Material for this task —
■ ■ ■

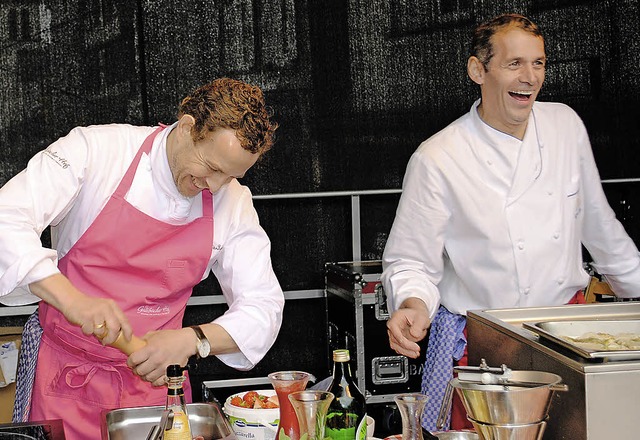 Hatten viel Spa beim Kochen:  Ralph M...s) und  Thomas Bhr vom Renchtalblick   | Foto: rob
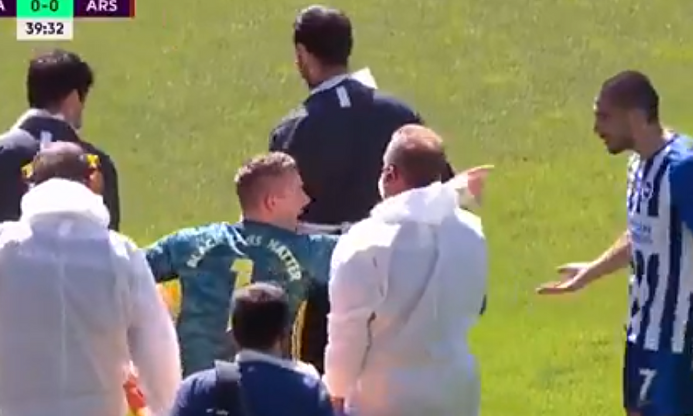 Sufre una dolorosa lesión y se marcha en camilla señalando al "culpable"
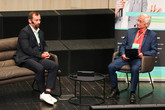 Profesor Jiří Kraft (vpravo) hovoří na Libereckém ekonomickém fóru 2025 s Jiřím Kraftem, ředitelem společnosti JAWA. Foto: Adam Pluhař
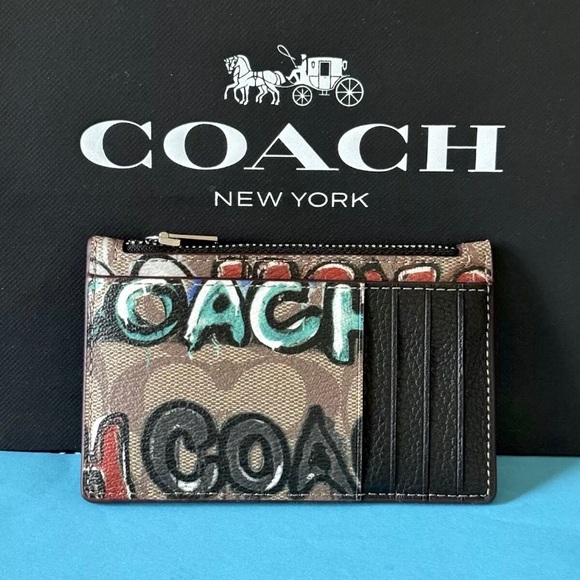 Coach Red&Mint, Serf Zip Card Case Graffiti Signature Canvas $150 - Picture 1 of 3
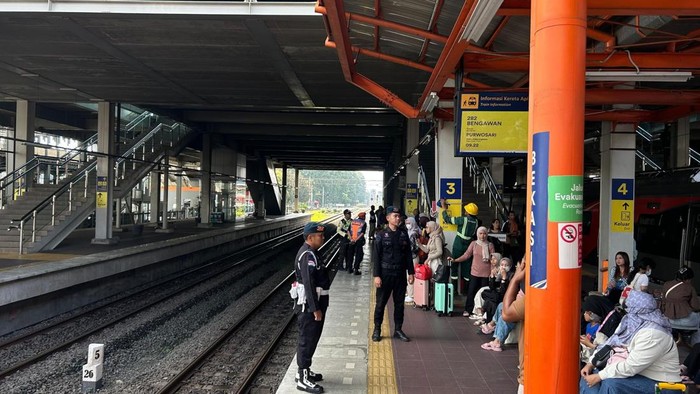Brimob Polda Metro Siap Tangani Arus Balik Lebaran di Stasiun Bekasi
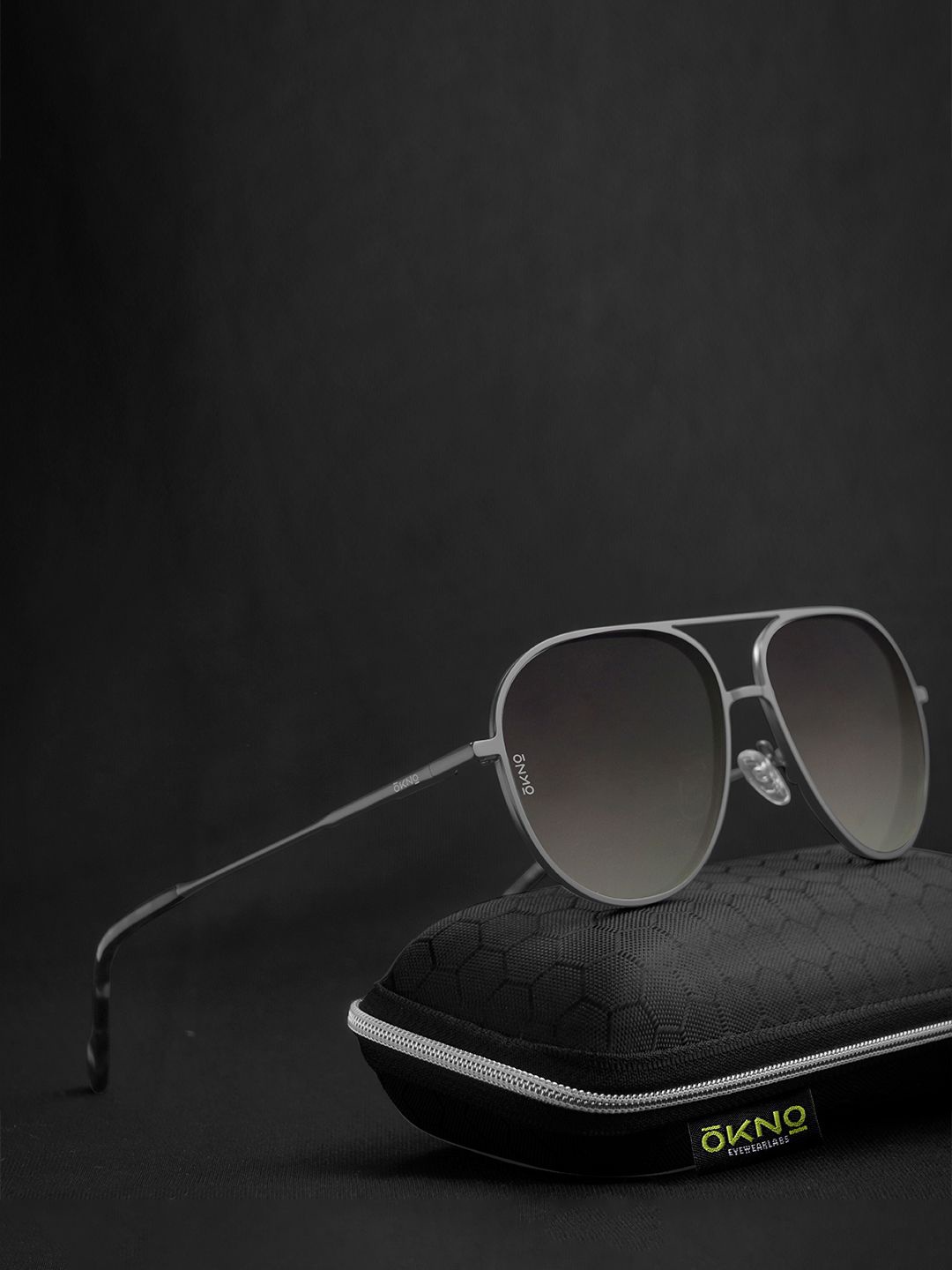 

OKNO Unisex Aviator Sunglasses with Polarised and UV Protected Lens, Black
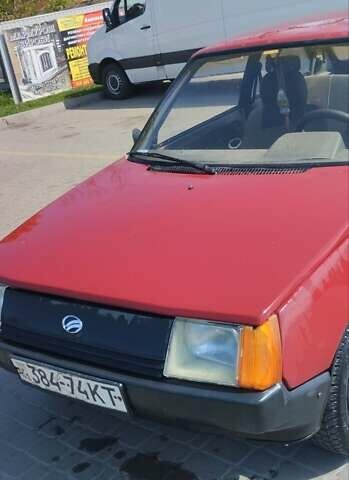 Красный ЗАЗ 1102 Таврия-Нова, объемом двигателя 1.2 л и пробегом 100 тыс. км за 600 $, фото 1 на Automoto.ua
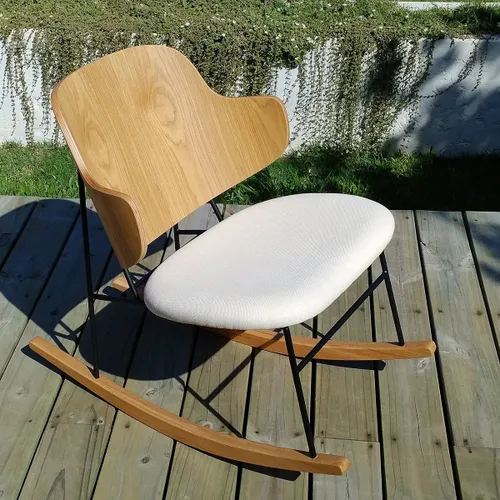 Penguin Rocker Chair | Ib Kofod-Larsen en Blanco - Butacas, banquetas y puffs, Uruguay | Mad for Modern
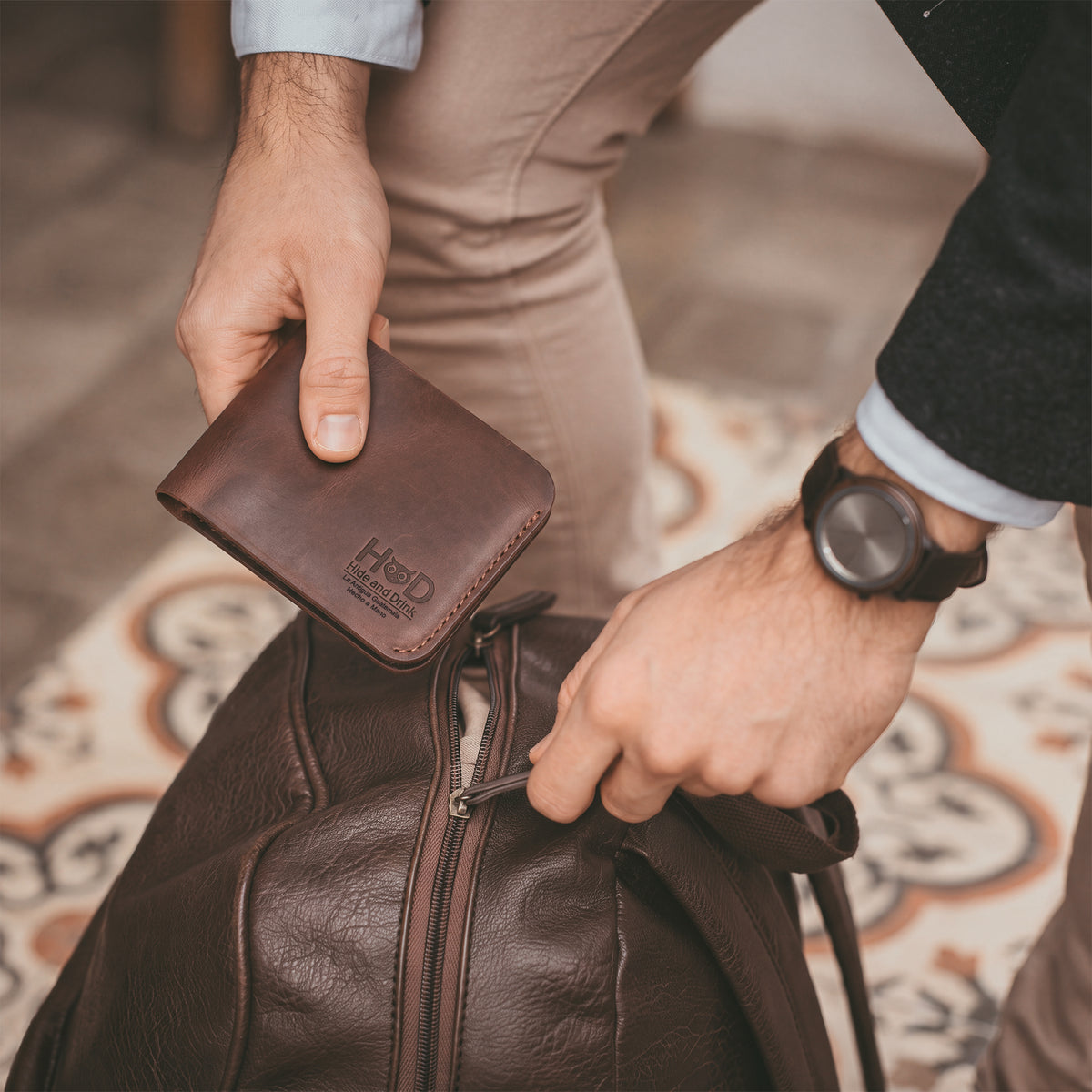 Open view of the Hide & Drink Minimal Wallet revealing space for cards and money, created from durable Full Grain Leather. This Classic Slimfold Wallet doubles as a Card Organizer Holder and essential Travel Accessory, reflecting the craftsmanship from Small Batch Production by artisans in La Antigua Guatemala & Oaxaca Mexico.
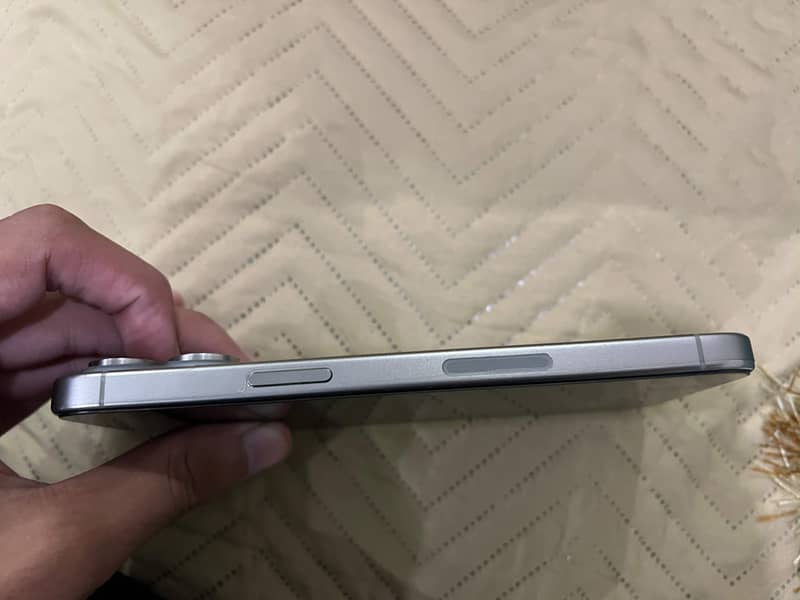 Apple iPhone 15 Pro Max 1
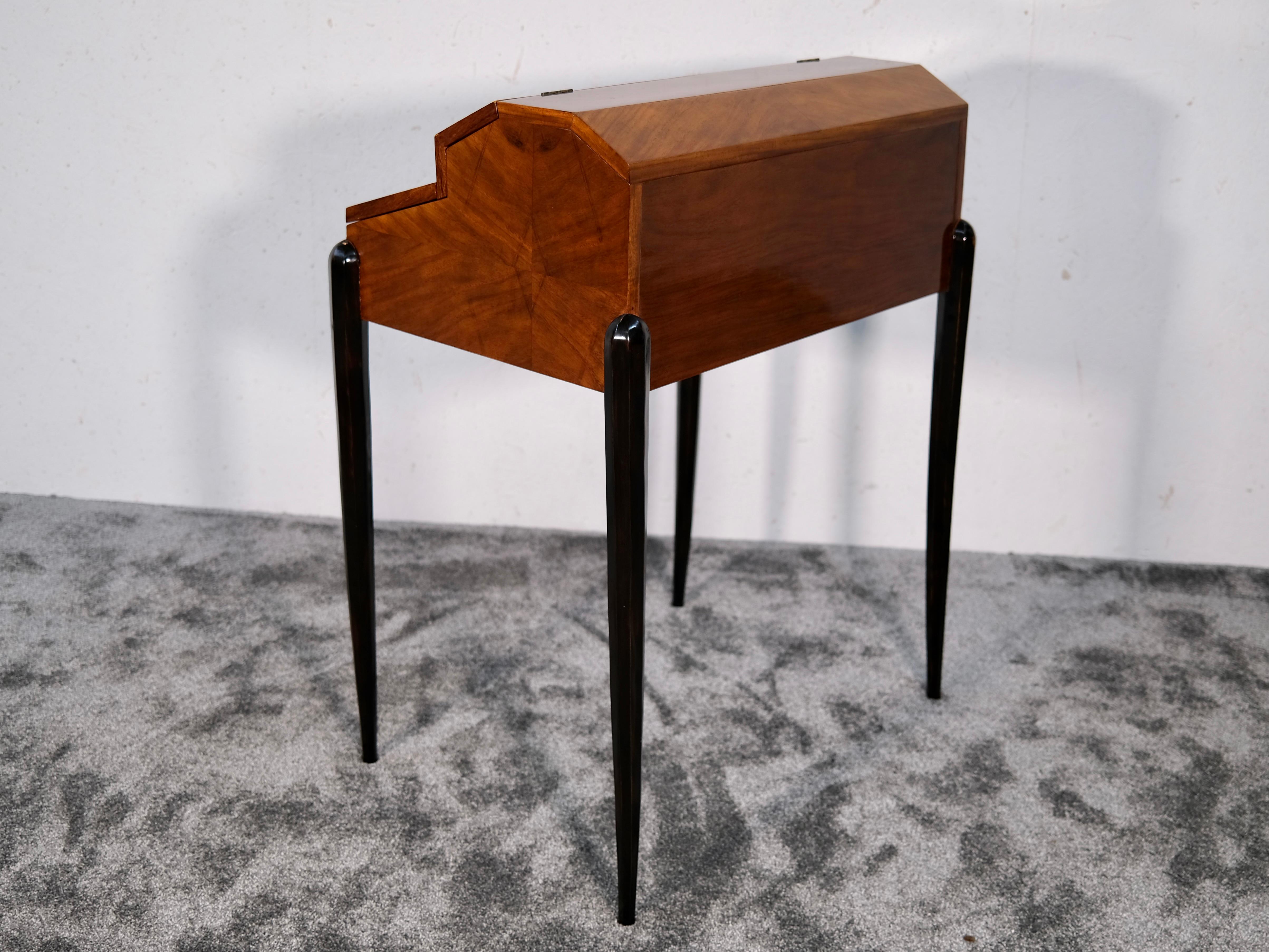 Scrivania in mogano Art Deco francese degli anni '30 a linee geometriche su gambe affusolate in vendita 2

■ ■ ■

Problem statement — Would you retype all the lines shown above, exactly as written and without any picture?

Answer below —
 Hatten viel Spa beim Kochen:  Ralph M...s) und  Thomas Bhr vom Renchtalblick   | Foto: rob
 Sufre una dolorosa lesión y se marcha en camilla señalando al "culpable"
 Profesor Jiří Kraft (vpravo) hovoří na Libereckém ekonomickém fóru 2025 s Jiřím Kraftem, ředitelem společnosti JAWA. Foto: Adam Pluhař
 Coach Red&Mint, Serf Zip Card Case Graffiti Signature Canvas $150 - Picture 1 of 3
Brimob Polda Metro Siap Tangani Arus Balik Lebaran di Stasiun Bekasi

OKNO Unisex Aviator Sunglasses with Polarised and UV Protected Lens, Black
 Красный ЗАЗ 1102 Таврия-Нова, объемом двигателя 1.2 л и пробегом 100 тыс. км за 600 $, фото 1 на Automoto.ua
 Penguin Rocker Chair | Ib Kofod-Larsen en Blanco - Butacas, banquetas y puffs, Uruguay | Mad for Modern
 Open view of the Hide & Drink Minimal Wallet revealing space for cards and money, created from durable Full Grain Leather. This Classic Slimfold Wallet doubles as a Card Organizer Holder and essential Travel Accessory, reflecting the craftsmanship from Small Batch Production by artisans in La Antigua Guatemala & Oaxaca Mexico.
 Apple iPhone 15 Pro Max 1
 Scrivania in mogano Art Deco francese degli anni '30 a linee geometriche su gambe affusolate in vendita 2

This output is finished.